Should add that Ally Mclean no longer does Cosplay and does kind of do other stuff but I dunno whether it really qualifies as headline content. there were perhaps more prestigious/interesting people doing panels who didn’t get guest headline status.

At least GAMMA didn’t get Good Game or some iteration for like, the fifth year in a row. (2014- Junglist, 2015- Goose, 2016- Bajo/Hex, 2017- GGSP Team… kind of lazy guest organisation on behalf of the event repeatedly going to the same place for content).

Oh and the ‘Comic Book Guests’ and the ‘Tabletop Guests’ aren’t really what ‘guests’ mean in the convention scene. They are definitely great and bring awesome content (although a lot of repeats from GAMMA.CON 2017).
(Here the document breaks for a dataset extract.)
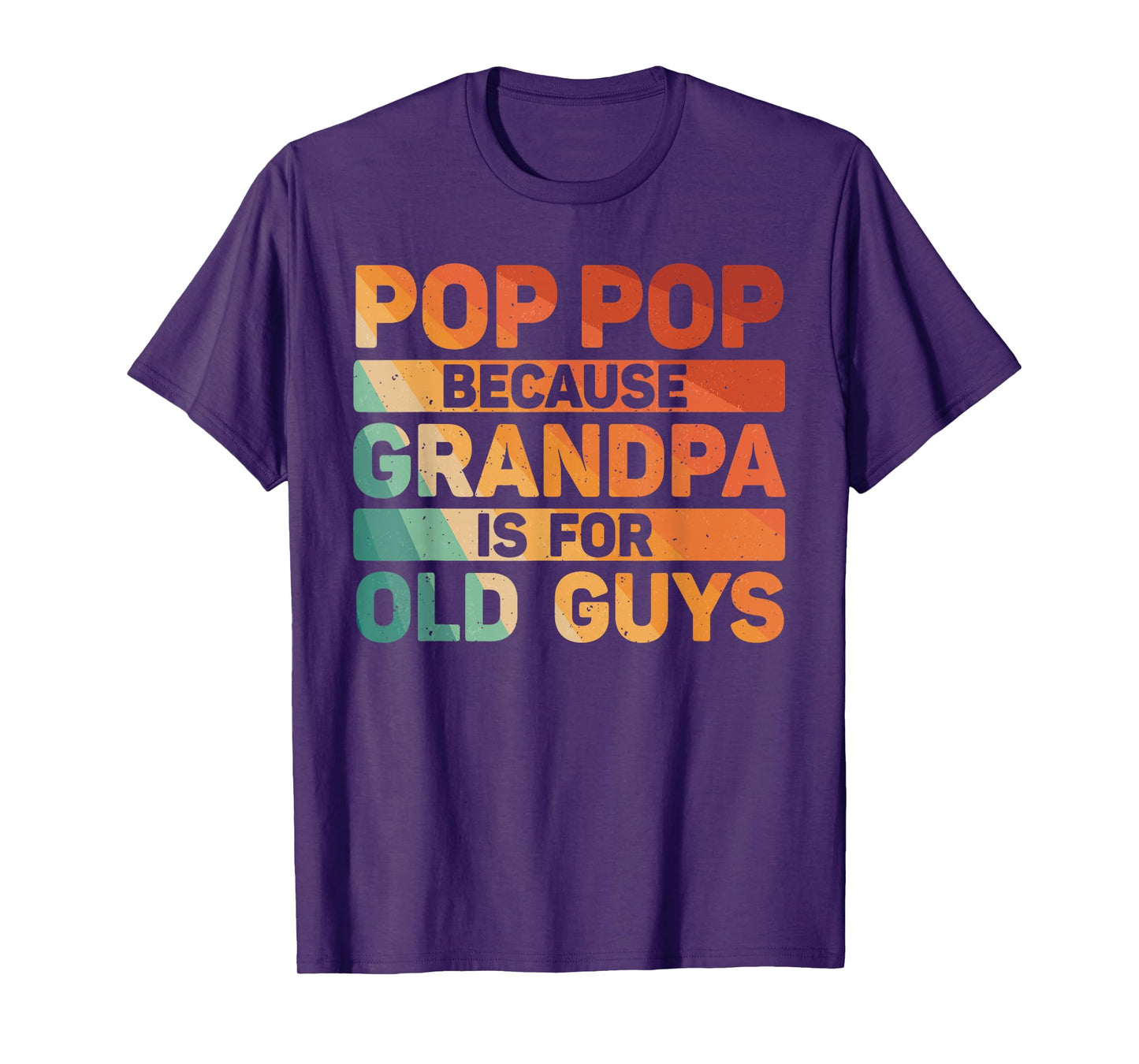 Pop Pop Art For Grandpa From Grandkids Father's Day Pop Pop T-Shirt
I do somewhat sympathise with the organisers. In the era of the big US Comic Cons being chock full of Marvel actors and Star Wars actors and… whatever other pop-culture thing has movies/TV shows happening; many do expect conventions to have “Guests”. But the budgets of these smaller volunteer organisations just can’t compete with the SupaNovas and the OZCC. And there isn’t an easy solution to balance this popular perception/desire with the stark reality of budgets.

The GAMMA@Night event was… unique. Fine. There was an Adults 18+ section and an all ages Neko Nation thing.

Dealing with the latter first, the Neko Nation thing was garbage. Lots of flashing lights and electronic remixes of j-pop and k-pop… with about 0-6 people concurrently dancing in a room with capacity for like 200 for the 4 hour period. It became a recurring gag to walk past the dance party and see how there was no-one there.

The fact you walked past it was a key issue- for some reason @Night was spread across two buildings (excluding Neko Nation) when it really had enough stuff for one building. All of the content was great- the adult video games, the life drawing (yay naked ladies), the pole dancing, the bar.

But there wasn’t enough content or people to fill out two huge halls.

For some reason, the Exhibitor/Artist areas were left open for @Night. So some people could keep selling things… or they could go home and just leave their merchandise unsupervised and at risk of being stolen.

Given only a handful of Traders actually stayed open; a fairly easy solution to to this problem would have been to move the traders in the gaming hall into the main Exhibitor section and then put those who wanted to stay open for @Night into the “Games Hall”. Then just having the Games Hall open for @Night. Move the main stage events to be on the Wrestling Ring/Stage and everything would fit and be better.

Back on the content- there were two things worth highlighting. One good, one bad. The good one was the “Cospole Dancing”. I mean, it was pole dancing with only a handful of cosplay realted things but they were good. The second last pole dance was a comedy one featuring Deadpool and a Unicorn. And then the last dance was Hayley Elise cosplaying Yoko dancing to the Gurren Lagann OP. Very nice.

The bad was a lets play/play through of some of visual novel soft-core porn game. On one hand the game was pretty boring (compared to Hatoful Boyfriend last year). Secondly the people on stage doing the voices were.. well.. less “doing the voices” and more “screeching”. Definitely a misstep for @Night.

So yeah. On balance, GAMMA.CON 2018 was pretty fine in general but the more I think of the details the more the small issues seem to pop up. All up I’d say it was probably a 7/10… which is what I would probably give it every other year I have been. As an attendee nothing is particularly problematic and as long as you don’t expect you’ll meet Stan Lee it’s a fun way to spend the weekend with friends. And if you get bored after a couple hours you can be back home/in bed/at a pub within 20 minutes.